(Image-text web data)
- - -
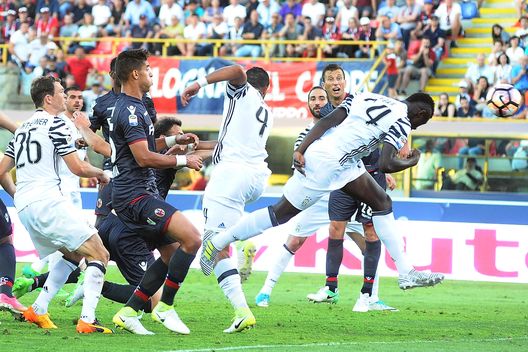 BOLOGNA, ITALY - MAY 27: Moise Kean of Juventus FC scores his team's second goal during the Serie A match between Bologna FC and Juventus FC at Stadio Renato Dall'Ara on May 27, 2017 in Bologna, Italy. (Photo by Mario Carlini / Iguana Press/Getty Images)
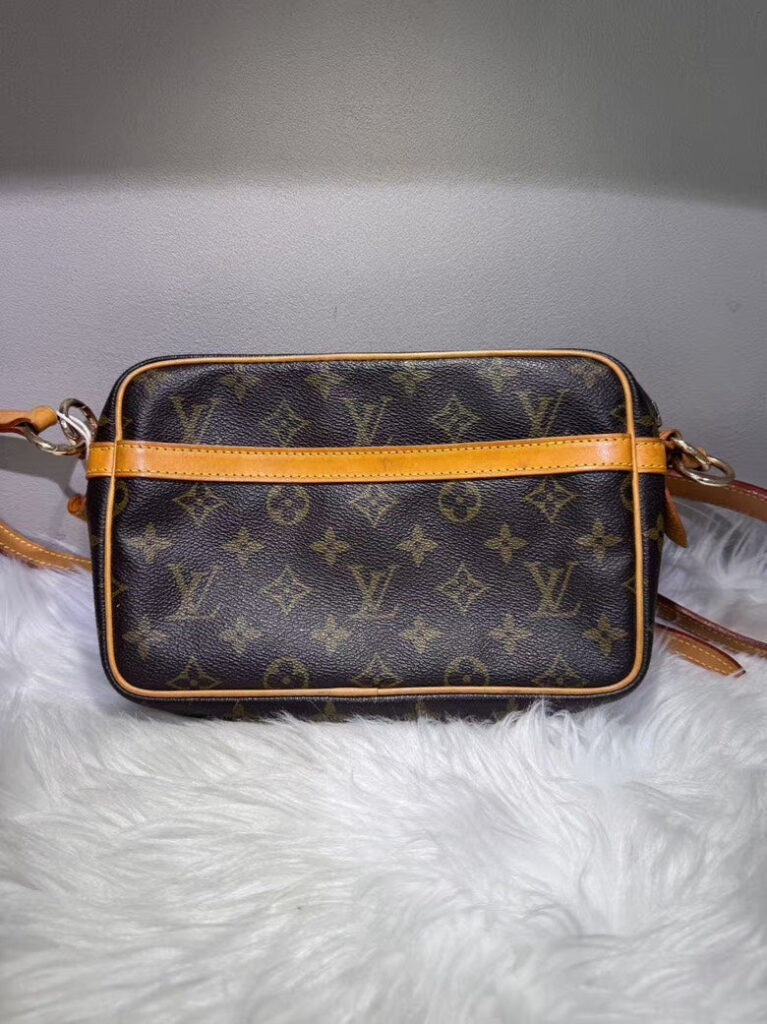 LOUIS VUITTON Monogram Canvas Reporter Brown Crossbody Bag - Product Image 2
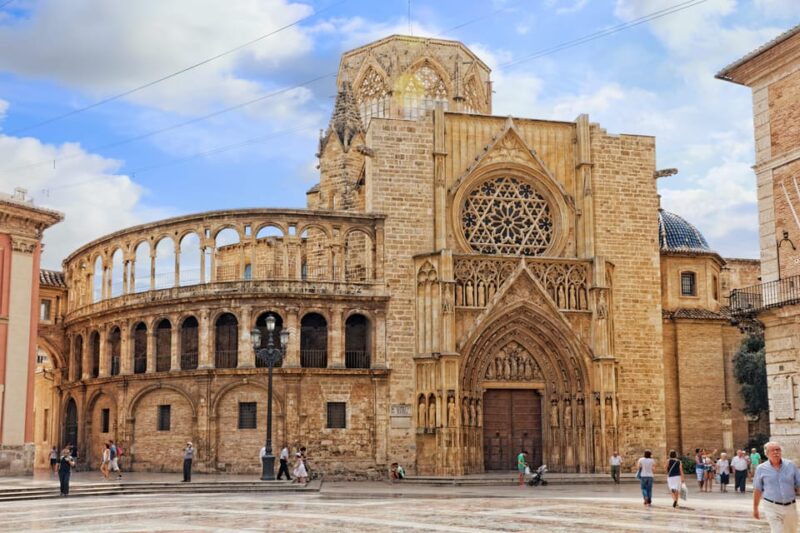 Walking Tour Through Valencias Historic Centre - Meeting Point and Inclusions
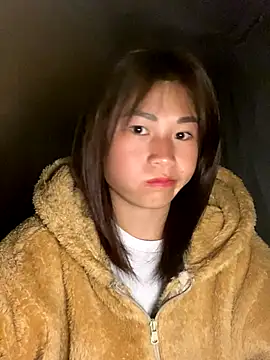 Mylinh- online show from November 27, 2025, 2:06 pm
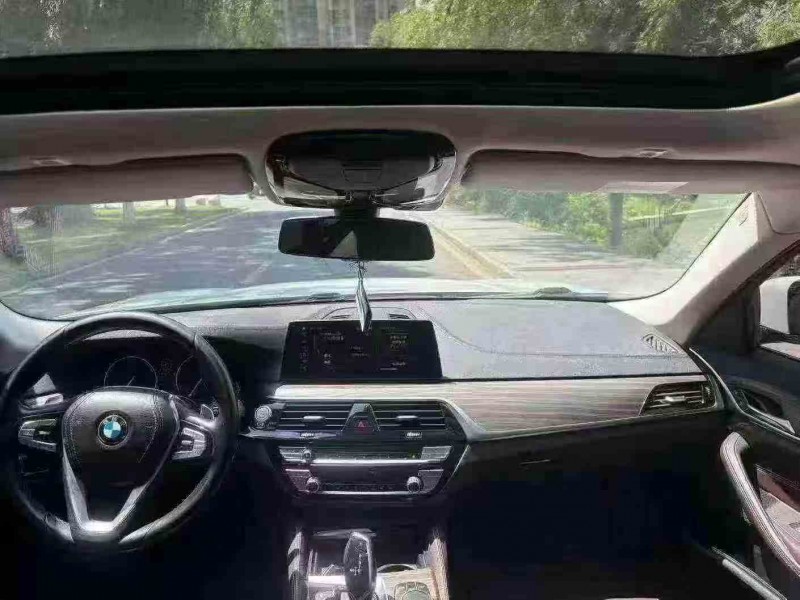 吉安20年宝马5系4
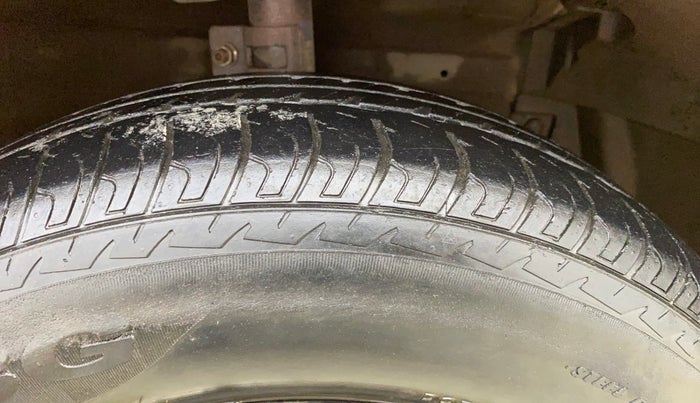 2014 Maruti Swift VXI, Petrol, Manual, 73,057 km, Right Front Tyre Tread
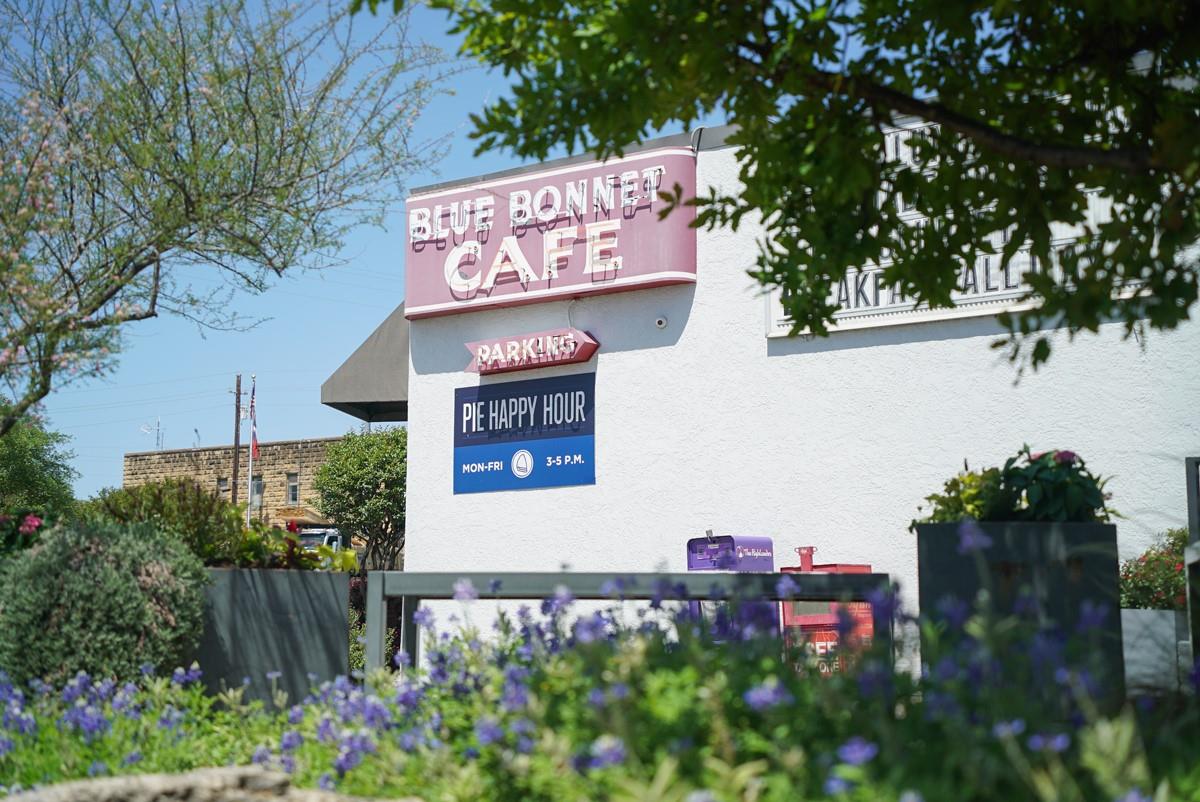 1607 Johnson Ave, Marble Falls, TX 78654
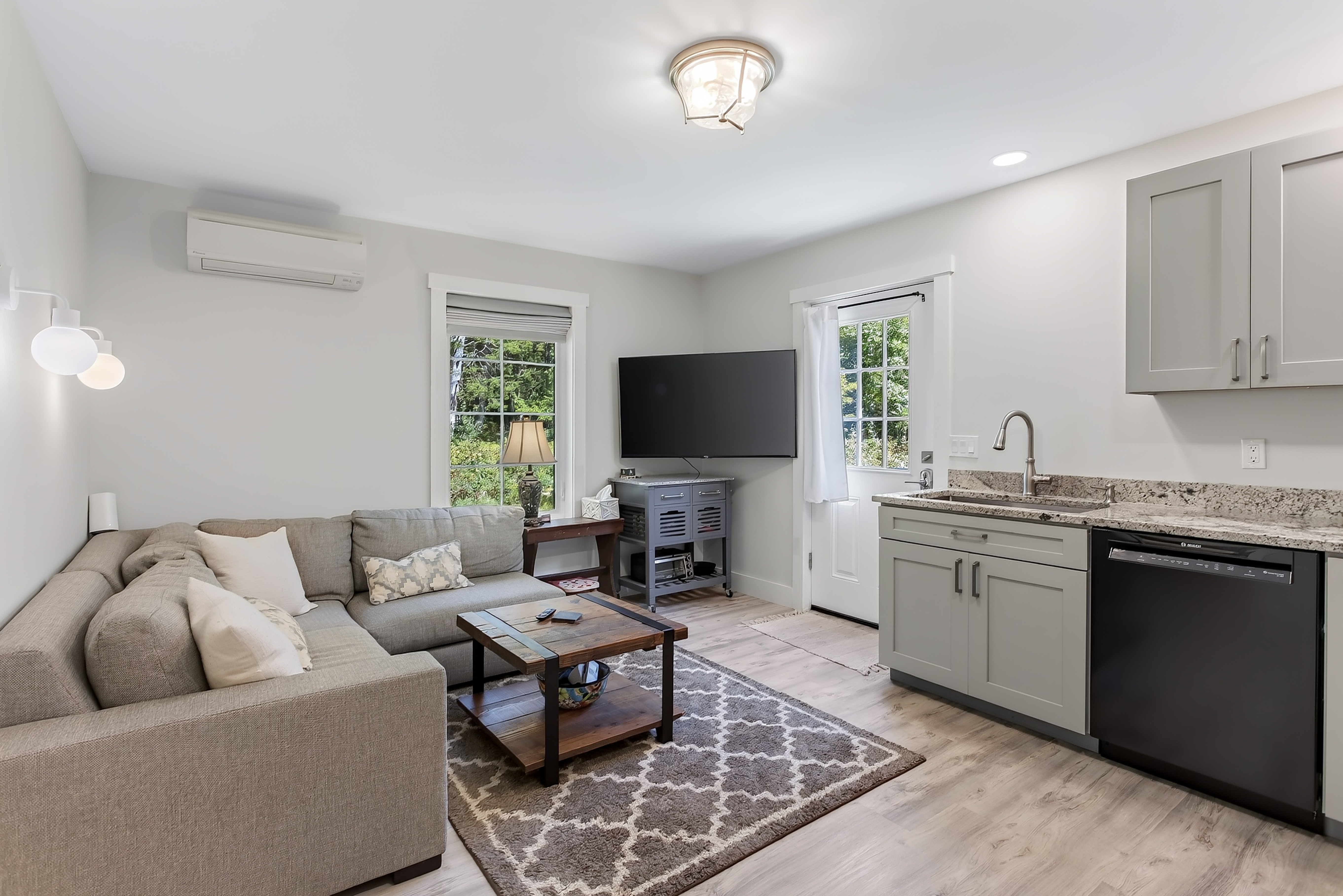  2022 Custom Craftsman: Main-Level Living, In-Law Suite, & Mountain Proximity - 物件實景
- - -
| ASSIGNMENT |
No pictures should appear in the copy. Reproduce exactly the lines from the line containing "LOUIS VUITTON Monogram" through the last line of the data, inclusive.

| REPLY |
 LOUIS VUITTON Monogram Canvas Reporter Brown Crossbody Bag - Product Image 2
 Walking Tour Through Valencias Historic Centre - Meeting Point and Inclusions
 Mylinh- online show from November 27, 2025, 2:06 pm
 吉安20年宝马5系4
 2014 Maruti Swift VXI, Petrol, Manual, 73,057 km, Right Front Tyre Tread
 1607 Johnson Ave, Marble Falls, TX 78654
  2022 Custom Craftsman: Main-Level Living, In-Law Suite, & Mountain Proximity - 物件實景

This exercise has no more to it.